Daerah ini sebenarnya sudah dikenal sebagai daerah yang banyak dikunjungi wisatawan, selain tentunya primadona wisata Ciamis, Pantai Pangandaran. Dari ibu kota Ciamis, posisi Desa Panjalu berada 41 kilometer ke arah utara, atau sekitar 110 kilometer dari Bandung. Sementara dari wilayah Cirebon, desa ini juga bisa ditempuh dengan perjalanan serupa sepanjang 75 kilometer dari Kuningan.
Watak orang Panjalu sampai sekarang di mata orang Sunda pada umumnya, atau dibandingkan dengan watak orang Sunda pada umumnya, orang Panjalu dikenal lebih keras, militan juga disegani, karena konon memiliki banyak ilmu kanuragan warisan dari nenek moyang mereka.

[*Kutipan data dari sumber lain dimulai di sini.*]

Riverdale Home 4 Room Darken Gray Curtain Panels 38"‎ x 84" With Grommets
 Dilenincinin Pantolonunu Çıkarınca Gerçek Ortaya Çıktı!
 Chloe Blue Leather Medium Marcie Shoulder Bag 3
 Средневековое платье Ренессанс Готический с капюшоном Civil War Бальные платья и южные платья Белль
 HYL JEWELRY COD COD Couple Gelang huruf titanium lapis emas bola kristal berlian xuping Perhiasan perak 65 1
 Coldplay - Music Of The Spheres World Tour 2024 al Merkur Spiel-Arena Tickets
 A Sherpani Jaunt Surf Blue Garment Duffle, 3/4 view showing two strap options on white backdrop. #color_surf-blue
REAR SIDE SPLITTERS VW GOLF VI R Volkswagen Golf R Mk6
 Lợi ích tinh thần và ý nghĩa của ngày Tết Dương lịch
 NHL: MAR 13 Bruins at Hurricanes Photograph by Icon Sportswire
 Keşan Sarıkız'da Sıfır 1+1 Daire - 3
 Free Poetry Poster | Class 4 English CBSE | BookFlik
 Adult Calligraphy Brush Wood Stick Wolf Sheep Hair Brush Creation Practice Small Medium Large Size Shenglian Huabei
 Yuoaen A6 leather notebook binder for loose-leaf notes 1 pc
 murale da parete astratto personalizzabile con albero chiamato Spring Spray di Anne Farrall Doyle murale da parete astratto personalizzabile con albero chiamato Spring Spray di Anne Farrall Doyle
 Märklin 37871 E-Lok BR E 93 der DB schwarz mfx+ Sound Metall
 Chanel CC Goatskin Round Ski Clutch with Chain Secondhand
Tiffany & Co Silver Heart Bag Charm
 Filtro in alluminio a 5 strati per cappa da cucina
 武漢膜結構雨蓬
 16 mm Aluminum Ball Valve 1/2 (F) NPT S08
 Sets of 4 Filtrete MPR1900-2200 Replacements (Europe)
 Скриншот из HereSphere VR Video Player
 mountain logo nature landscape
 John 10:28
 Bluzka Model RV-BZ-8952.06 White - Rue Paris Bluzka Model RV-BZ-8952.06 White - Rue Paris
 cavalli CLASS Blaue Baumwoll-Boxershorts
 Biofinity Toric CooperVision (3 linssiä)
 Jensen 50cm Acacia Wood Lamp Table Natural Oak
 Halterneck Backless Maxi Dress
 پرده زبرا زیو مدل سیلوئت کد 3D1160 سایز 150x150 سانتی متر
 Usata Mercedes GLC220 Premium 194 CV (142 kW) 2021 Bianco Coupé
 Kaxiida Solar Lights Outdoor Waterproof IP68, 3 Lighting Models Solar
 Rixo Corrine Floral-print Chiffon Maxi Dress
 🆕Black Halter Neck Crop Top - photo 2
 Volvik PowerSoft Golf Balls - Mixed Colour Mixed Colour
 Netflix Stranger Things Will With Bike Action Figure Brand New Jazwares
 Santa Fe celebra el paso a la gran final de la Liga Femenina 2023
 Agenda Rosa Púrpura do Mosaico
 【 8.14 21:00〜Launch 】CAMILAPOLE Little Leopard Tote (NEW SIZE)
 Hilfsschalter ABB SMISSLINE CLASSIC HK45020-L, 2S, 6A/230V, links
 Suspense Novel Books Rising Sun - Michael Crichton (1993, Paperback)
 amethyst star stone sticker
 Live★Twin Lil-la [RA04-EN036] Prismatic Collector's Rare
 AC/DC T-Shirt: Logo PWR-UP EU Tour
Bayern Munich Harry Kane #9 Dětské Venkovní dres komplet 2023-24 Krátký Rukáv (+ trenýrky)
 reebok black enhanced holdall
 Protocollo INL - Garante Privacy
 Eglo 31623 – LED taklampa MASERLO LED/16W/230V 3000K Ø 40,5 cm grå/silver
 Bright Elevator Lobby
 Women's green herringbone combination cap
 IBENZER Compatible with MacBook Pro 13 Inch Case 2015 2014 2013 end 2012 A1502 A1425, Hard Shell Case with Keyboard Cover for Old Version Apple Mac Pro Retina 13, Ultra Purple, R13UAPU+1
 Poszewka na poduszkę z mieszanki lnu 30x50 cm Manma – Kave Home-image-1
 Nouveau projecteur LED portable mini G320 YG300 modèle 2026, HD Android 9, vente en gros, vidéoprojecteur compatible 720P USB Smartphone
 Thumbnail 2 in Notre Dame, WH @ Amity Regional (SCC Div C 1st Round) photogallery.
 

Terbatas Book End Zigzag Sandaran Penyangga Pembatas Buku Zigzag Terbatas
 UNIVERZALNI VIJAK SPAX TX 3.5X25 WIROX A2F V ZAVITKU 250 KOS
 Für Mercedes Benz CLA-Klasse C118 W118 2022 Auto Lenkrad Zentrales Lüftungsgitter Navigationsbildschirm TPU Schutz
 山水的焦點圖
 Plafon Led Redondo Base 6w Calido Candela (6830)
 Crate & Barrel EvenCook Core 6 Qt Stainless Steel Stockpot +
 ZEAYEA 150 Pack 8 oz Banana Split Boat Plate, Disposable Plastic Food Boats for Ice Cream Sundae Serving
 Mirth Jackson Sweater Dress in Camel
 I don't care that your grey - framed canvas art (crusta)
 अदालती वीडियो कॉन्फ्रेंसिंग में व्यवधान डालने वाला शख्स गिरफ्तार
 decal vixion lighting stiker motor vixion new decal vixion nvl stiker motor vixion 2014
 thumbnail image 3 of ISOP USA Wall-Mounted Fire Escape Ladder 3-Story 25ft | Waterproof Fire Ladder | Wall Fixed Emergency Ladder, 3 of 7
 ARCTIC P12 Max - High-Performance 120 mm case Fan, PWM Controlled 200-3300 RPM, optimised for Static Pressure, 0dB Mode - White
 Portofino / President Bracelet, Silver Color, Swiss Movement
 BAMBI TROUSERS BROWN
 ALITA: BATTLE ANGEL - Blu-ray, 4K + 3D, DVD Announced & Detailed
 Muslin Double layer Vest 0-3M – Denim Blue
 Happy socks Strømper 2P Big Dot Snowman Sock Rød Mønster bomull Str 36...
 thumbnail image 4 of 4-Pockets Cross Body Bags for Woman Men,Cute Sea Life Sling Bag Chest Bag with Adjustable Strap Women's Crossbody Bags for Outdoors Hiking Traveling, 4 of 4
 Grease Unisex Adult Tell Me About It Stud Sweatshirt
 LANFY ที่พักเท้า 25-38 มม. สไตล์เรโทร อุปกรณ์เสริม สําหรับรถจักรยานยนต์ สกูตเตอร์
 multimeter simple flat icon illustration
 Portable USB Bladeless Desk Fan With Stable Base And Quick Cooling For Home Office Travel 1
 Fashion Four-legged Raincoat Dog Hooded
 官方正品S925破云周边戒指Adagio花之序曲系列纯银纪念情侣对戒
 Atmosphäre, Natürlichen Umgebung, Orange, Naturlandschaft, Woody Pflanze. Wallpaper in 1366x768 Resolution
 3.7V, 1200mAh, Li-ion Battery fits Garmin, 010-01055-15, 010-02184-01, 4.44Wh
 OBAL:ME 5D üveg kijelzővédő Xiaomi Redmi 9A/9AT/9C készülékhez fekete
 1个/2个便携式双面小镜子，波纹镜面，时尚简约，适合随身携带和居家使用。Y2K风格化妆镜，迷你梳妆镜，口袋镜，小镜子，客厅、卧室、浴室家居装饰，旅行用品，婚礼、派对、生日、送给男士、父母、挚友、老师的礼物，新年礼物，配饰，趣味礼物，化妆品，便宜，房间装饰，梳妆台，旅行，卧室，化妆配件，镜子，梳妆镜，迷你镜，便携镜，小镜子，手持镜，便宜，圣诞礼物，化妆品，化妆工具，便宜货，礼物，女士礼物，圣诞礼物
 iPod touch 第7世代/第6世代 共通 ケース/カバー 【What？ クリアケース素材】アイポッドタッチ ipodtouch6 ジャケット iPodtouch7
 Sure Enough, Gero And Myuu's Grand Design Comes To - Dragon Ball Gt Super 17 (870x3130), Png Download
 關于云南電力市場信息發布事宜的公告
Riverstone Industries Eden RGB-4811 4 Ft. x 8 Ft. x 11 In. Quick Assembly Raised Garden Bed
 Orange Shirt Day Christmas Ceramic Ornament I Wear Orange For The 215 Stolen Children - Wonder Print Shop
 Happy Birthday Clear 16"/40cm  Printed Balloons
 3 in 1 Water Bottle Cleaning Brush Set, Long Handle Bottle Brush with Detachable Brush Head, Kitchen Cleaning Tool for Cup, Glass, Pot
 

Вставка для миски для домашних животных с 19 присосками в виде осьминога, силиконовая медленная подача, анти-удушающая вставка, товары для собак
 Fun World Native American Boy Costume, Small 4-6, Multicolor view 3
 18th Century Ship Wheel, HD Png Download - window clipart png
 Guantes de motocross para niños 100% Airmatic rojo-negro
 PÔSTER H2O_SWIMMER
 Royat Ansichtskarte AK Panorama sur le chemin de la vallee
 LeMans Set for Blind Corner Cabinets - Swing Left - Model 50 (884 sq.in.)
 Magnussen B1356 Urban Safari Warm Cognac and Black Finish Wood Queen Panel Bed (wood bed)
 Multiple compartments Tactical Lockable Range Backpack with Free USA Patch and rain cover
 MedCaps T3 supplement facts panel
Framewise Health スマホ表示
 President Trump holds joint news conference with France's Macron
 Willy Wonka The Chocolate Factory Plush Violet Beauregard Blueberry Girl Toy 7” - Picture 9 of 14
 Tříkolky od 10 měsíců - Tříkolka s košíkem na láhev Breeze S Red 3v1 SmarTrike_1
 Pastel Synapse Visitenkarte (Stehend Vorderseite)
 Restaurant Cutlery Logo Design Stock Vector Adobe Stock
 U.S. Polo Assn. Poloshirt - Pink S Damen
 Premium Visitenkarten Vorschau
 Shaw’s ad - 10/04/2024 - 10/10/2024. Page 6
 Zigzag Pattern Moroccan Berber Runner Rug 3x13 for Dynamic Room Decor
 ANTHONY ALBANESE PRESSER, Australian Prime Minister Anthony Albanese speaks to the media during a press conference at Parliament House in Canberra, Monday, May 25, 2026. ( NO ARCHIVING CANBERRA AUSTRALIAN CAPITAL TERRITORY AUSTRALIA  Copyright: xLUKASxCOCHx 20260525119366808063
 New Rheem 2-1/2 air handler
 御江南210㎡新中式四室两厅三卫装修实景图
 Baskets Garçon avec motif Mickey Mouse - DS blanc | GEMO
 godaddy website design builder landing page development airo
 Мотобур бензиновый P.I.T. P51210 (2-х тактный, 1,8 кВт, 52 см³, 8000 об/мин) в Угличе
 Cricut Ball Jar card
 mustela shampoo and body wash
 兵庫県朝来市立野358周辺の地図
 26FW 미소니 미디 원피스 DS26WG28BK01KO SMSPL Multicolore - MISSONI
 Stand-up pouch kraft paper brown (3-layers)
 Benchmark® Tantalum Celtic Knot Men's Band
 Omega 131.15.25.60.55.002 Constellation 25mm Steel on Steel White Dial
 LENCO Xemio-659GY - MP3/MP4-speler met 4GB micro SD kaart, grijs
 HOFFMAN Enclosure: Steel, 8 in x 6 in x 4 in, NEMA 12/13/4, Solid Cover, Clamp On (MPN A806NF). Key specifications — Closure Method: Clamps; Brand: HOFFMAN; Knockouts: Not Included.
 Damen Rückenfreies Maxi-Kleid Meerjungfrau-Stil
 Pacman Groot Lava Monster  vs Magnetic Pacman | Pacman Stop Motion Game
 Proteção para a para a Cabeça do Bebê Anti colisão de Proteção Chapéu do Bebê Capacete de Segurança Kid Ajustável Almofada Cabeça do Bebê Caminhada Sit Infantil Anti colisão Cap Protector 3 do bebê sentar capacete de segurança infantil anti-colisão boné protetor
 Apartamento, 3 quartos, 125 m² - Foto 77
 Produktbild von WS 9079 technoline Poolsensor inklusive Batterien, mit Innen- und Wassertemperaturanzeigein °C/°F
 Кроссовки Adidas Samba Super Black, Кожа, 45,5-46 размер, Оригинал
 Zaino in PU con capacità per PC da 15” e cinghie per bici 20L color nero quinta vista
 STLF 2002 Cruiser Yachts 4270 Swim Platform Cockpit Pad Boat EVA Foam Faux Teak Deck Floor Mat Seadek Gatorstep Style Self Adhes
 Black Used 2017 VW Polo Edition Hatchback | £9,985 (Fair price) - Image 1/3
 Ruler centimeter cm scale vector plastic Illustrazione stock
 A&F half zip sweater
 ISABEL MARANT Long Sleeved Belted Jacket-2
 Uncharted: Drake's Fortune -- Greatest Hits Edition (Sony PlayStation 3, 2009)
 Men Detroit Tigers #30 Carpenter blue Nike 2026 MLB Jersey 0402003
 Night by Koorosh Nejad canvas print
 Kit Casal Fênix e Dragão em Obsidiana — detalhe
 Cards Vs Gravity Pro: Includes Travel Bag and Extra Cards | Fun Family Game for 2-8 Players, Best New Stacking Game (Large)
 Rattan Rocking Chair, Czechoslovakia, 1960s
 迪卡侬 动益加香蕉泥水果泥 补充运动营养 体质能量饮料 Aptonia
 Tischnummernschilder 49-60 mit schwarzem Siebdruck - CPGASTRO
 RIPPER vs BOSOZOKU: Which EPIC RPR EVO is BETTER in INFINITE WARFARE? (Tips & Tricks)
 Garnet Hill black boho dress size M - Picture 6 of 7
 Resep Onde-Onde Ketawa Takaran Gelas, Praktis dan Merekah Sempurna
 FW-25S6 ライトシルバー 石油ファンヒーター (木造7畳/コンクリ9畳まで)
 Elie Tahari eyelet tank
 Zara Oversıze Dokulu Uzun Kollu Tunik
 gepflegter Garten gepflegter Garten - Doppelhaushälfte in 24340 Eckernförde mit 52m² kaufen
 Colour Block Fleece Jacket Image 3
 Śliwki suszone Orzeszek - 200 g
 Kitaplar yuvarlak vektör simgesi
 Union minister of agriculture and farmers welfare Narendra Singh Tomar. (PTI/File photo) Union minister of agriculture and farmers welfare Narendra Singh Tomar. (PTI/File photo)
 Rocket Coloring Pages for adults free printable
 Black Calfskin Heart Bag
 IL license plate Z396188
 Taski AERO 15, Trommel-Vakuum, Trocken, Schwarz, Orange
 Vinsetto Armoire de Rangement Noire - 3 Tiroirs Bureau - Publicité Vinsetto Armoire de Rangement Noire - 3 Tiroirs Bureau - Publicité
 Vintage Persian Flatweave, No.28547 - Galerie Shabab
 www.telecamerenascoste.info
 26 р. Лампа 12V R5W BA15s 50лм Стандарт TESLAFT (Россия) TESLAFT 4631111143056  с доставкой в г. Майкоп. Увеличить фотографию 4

Seorang putra Panjalu, H. Atong Tjakradinata, yang menyimpan catatan sejarah panjang tanah leluhurnya mengungkapkan, nama Panjalu merupakan sebuah singkatan dari “PAPAGON NAGARA JADIKEUN AMALAN LAHIR BATIN ULAH SALAH”. Panjalu di masa lalu adalah sebuah kerajaan yang dipimpin Sanghyang Tunggal Ratu Galuh Nyakrawati Ing Nusa Jawa. Tokoh ini diyakini sebagai pemimpin pertama di Jabar, yang kemudian menurunkan generasi kerajaan yang pernah ada di wilayah ini, termasuk Kerajaan Padjadjaran yang dipimpin Prabu Siliwangi.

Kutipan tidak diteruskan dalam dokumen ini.